Query completion logs (include client_ip)

Adding HTTP context to every log

Use logger.bind() in middleware

Note: The request_id correlation pattern is usually sufficient. Adding method/path to every log increases log size without significant benefit—the completion log already has this data with the same request_id.

Capturing Uvicorn Logs

By default, fapilog and uvicorn log independently:

  • Uvicorn uses Python’s standard logging module → stderr

  • Fapilog uses its own async pipeline → stdout JSON (or configured sinks)

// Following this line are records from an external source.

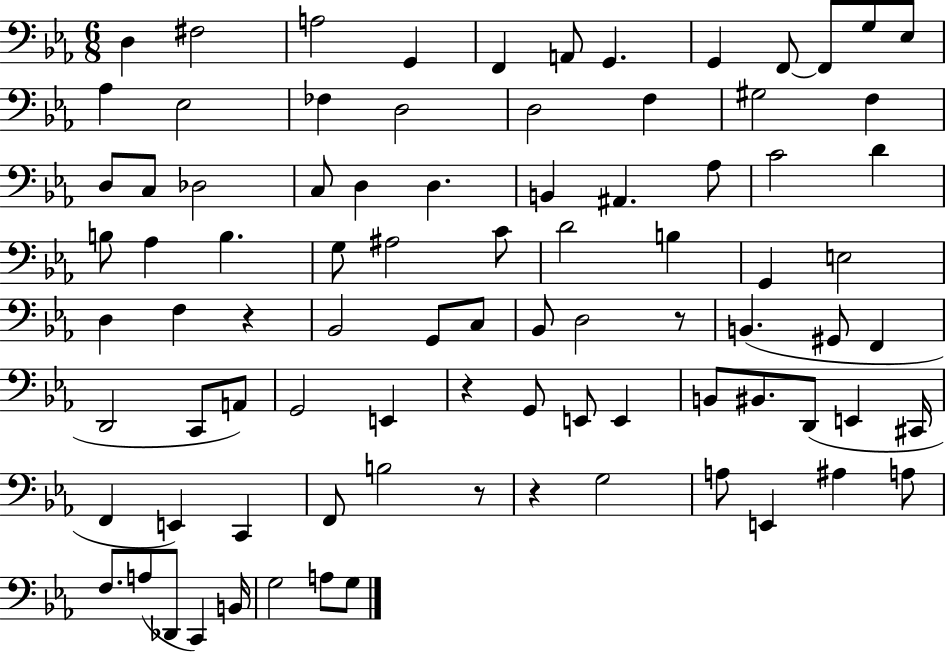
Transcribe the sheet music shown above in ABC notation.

X:1
T:Untitled
M:6/8
L:1/4
K:Eb
D, ^F,2 A,2 G,, F,, A,,/2 G,, G,, F,,/2 F,,/2 G,/2 _E,/2 _A, _E,2 _F, D,2 D,2 F, ^G,2 F, D,/2 C,/2 _D,2 C,/2 D, D, B,, ^A,, _A,/2 C2 D B,/2 _A, B, G,/2 ^A,2 C/2 D2 B, G,, E,2 D, F, z _B,,2 G,,/2 C,/2 _B,,/2 D,2 z/2 B,, ^G,,/2 F,, D,,2 C,,/2 A,,/2 G,,2 E,, z G,,/2 E,,/2 E,, B,,/2 ^B,,/2 D,,/2 E,, ^C,,/4 F,, E,, C,, F,,/2 B,2 z/2 z G,2 A,/2 E,, ^A, A,/2 F,/2 A,/2 _D,,/2 C,, B,,/4 G,2 A,/2 G,/2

To unify all logs in fapilog’s structured pipeline, use the stdlib bridge:

import logging
from fastapi import Depends, FastAPI
from fapilog.fastapi import FastAPIBuilder, get_request_logger
from fapilog.core.stdlib_bridge import enable_stdlib_bridge

app = FastAPI(
    lifespan=FastAPIBuilder()
        .with_preset("fastapi")
        .skip_paths(["/health"])
        .build()
)

@app.on_event("startup")
async def capture_uvicorn_logs():
    """Route uvicorn logs through fapilog's pipeline."""
    import fapilog
    logger = fapilog.get_logger()
    enable_stdlib_bridge(
        logger,
        target_loggers=[
            logging.getLogger("uvicorn"),
            logging.getLogger("uvicorn.access"),
            logging.getLogger("uvicorn.error"),
        ],
        remove_existing_handlers=True,  # Avoid duplicate output
    )

@app.get("/")
async def root(logger=Depends(get_request_logger)):
    await logger.info("Request handled")
    return {"message": "Hello"}

What Gets Captured

Logger

Content

uvicorn

Server startup/shutdown messages

uvicorn.access

HTTP access logs (method, path, status, timing)

uvicorn.error

Server errors and exceptions

Captured Log Format

Uvicorn logs are enriched with origin metadata:

{
  "message": "127.0.0.1:52436 - \"GET / HTTP/1.1\" 200",
  "level": "INFO",
  "stdlib_logger": "uvicorn.access",
  "module": "h11_impl",
  "filename": "h11_impl.py",
  "_origin": "stdlib"
}

The _origin: "stdlib" field identifies logs captured via the bridge (vs. native fapilog logs).

Other ASGI Servers

The same pattern works for other servers that use stdlib logging:

# Hypercorn
enable_stdlib_bridge(logger, target_loggers=[
    logging.getLogger("hypercorn.access"),
    logging.getLogger("hypercorn.error"),
])

# Gunicorn (with uvicorn workers)
enable_stdlib_bridge(logger, target_loggers=[
    logging.getLogger("gunicorn"),
    logging.getLogger("gunicorn.access"),
    logging.getLogger("gunicorn.error"),
    logging.getLogger("uvicorn"),
])

When to Capture Server Logs

Scenario

Recommendation

Development

Optional - uvicorn’s default output is fine

Production with log aggregation

Recommended - unified JSON format for all logs

Containerized deployments

Recommended - single structured stream to stdout

Debugging request issues

Recommended - correlate server and app logs

See stdlib Bridge for full API documentation.